Neurology. 2015 Nov 10;85(19):1670-9. doi: 10.1212/WNL.0000000000002102. Epub 2015 Oct 14.
To quantify the loss of pigmented neurons in the substantia nigra (SN) of autopsy-confirmed Parkinson disease (PD) and incidental Lewy body disease (ILBD) vs age-matched controls (C).
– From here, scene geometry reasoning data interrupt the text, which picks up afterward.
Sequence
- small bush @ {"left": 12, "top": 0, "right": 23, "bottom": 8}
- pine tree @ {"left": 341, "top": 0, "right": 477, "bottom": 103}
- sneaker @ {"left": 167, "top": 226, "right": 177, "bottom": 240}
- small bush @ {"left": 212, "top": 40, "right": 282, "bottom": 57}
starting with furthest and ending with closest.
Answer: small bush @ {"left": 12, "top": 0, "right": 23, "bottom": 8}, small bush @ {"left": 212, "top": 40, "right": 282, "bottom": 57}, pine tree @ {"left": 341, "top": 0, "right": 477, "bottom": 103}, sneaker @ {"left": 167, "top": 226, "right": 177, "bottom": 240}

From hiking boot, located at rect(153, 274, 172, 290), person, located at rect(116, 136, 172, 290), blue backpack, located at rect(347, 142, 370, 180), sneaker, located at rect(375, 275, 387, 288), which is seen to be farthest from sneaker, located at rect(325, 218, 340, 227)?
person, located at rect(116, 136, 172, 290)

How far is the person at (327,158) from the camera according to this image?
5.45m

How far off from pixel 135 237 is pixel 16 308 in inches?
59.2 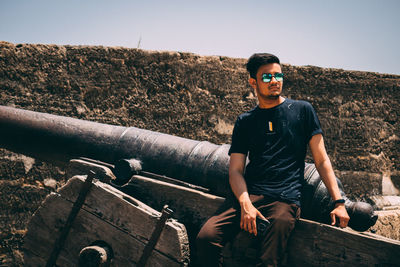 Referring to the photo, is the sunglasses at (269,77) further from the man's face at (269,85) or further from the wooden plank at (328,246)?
the wooden plank at (328,246)

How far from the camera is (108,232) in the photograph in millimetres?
2111

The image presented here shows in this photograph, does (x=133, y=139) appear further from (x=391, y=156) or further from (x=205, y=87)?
(x=391, y=156)

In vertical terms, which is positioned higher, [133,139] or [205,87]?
[205,87]

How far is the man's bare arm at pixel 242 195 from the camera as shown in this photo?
1.68 meters

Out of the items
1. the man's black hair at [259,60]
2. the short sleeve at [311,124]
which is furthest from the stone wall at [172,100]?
the short sleeve at [311,124]

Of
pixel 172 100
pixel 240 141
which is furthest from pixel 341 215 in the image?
pixel 172 100

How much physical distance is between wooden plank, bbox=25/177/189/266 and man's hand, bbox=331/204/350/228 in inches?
32.8

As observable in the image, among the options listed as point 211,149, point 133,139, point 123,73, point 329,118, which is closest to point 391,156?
point 329,118

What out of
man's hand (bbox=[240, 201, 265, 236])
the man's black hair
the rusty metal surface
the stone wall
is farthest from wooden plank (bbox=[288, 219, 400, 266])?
the stone wall

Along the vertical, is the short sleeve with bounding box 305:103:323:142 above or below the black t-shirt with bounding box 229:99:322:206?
above

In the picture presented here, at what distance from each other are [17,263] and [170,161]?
9.55 feet

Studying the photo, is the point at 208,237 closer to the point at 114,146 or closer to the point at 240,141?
the point at 240,141

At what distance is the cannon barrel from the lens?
1873 millimetres

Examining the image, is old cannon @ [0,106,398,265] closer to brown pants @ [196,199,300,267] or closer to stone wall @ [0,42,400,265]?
brown pants @ [196,199,300,267] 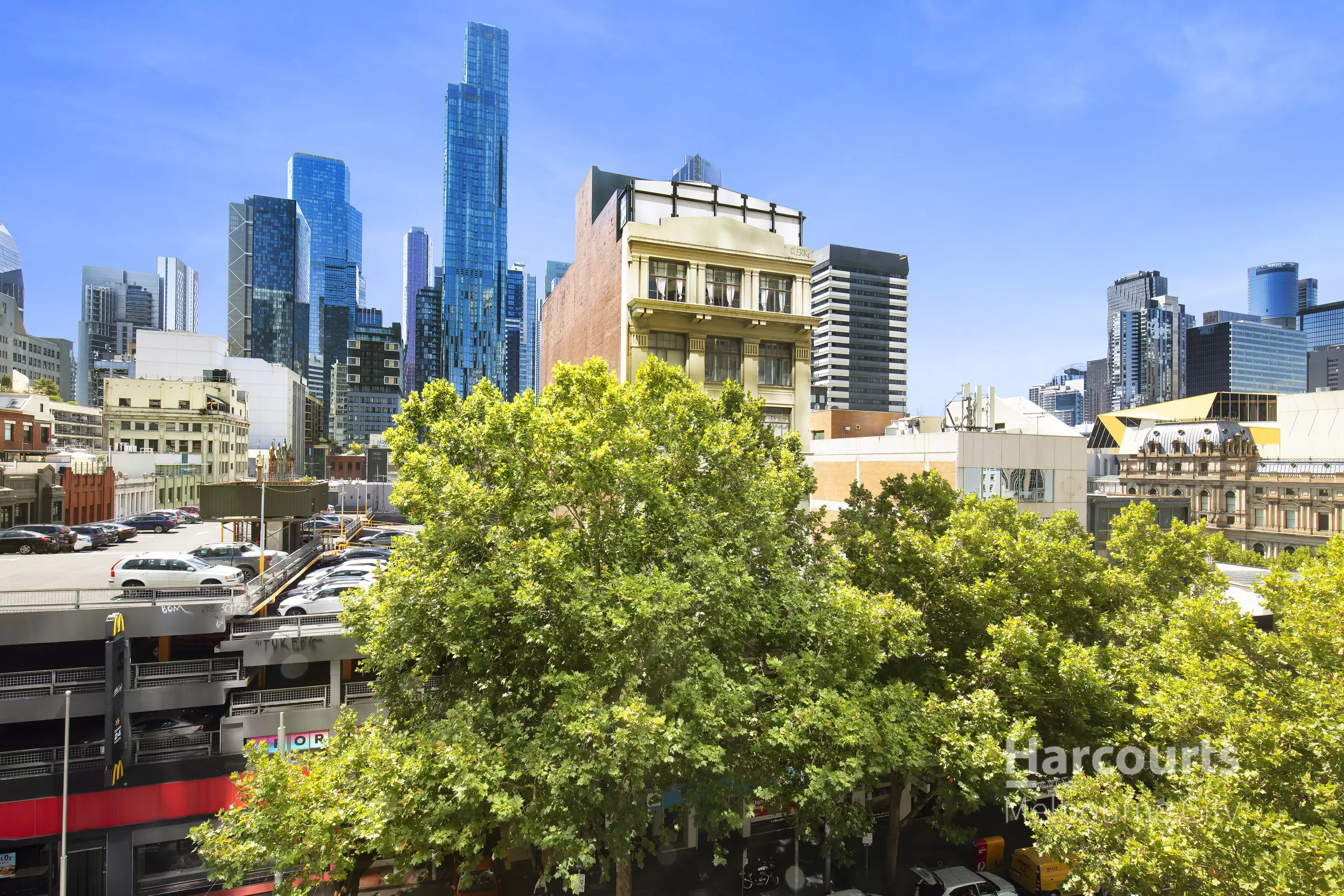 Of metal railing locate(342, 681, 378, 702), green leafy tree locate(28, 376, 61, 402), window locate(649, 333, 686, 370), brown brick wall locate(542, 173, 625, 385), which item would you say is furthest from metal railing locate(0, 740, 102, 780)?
green leafy tree locate(28, 376, 61, 402)

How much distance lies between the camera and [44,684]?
64.8 ft

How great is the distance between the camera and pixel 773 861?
2334 centimetres

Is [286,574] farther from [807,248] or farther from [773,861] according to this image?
[807,248]

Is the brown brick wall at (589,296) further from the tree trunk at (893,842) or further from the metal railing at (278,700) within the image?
the tree trunk at (893,842)

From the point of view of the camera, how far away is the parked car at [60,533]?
31188 millimetres

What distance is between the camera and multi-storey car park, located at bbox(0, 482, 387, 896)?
18875 millimetres

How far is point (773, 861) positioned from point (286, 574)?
76.4 ft

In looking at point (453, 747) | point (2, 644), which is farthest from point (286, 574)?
point (453, 747)

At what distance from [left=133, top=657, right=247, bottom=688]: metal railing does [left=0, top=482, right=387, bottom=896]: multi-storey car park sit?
4 cm

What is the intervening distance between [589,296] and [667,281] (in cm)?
957

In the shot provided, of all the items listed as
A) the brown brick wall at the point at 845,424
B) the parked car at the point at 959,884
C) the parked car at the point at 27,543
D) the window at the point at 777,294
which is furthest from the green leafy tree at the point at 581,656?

Unbiased stereology methods were used to rigorously count number and measure volumes of nigral pigmented neurons in PD, ILBD, and C brains. The obtained stereologic results were correlated with Lewy body (LB), amyloid plaque (AP), neurofibrillary tangle (NFT), and vascular pathology loads assessed in nigral and extranigral regions of each PD, ILBD, and C brain. The stereologic measurements were also correlated to predeath motor and cognitive scores as available for each participant.
A marked nigral neuronal loss (NNL) in PD (-82%) and ILBD (-40%) compared to C (p < 0.0001) was found. While there was significant correlation between NNL and LB in some cortical areas of PD (i.e., olfactory bulb), there were no correlations between NNL and LB, AP, or NFT loads or cerebral infarct volumes in any other examined regions for PD and ILBD brains.
Using unbiased stereology methods, we show that there is a significant loss and absence of hypertrophic changes in nigral pigmented neurons of ILBD in comparison to C brains. Intriguingly, no significant correlations were found between NNL and LB loads in the SN of both PD and ILBD brains. These autopsy-verified stereologically based findings are novel and support ILBD as a pathologic condition. These results suggest possible new and alternative pathophysiologic hypotheses on the actual relationship between NNL and LB pathology.
量化经尸检确诊的帕金森病(PD)和路易体痴呆(ILBD)患者与年龄匹配的对照者(C)黑质(SN)中色素神经元的损失情况。
采用无偏倚立体学方法严格计数PD、ILBD和C组大脑中黑质色素神经元的数量并测量其体积。将获得的立体学结果与在每个PD、ILBD和C组大脑的黑质及黑质以外区域评估的路易小体(LB)、淀粉样斑块(AP)、神经原纤维缠结(NFT)和血管病理负荷相关联。立体学测量结果还与每个参与者生前的运动和认知评分相关联(如可获得)。
与C组相比,PD组(-82%)和ILBD组(-40%)存在明显的黑质神经元损失(NNL)(p < 0.0001)。虽然在PD的某些皮质区域(即嗅球)中NNL与LB之间存在显著相关性,但在PD和ILBD组大脑的任何其他检查区域中,NNL与LB、AP或NFT负荷或脑梗死体积之间均无相关性。
使用无偏倚立体学方法,我们发现与C组大脑相比,ILBD组黑质色素神经元存在显著损失且无肥大性改变。有趣的是,在PD和ILBD组大脑的SN中,NNL与LB负荷之间均未发现显著相关性。这些基于尸检验证的立体学发现是新颖的,并支持ILBD作为一种病理状况。这些结果提示了关于NNL与LB病理实际关系的可能新的和替代的病理生理假说。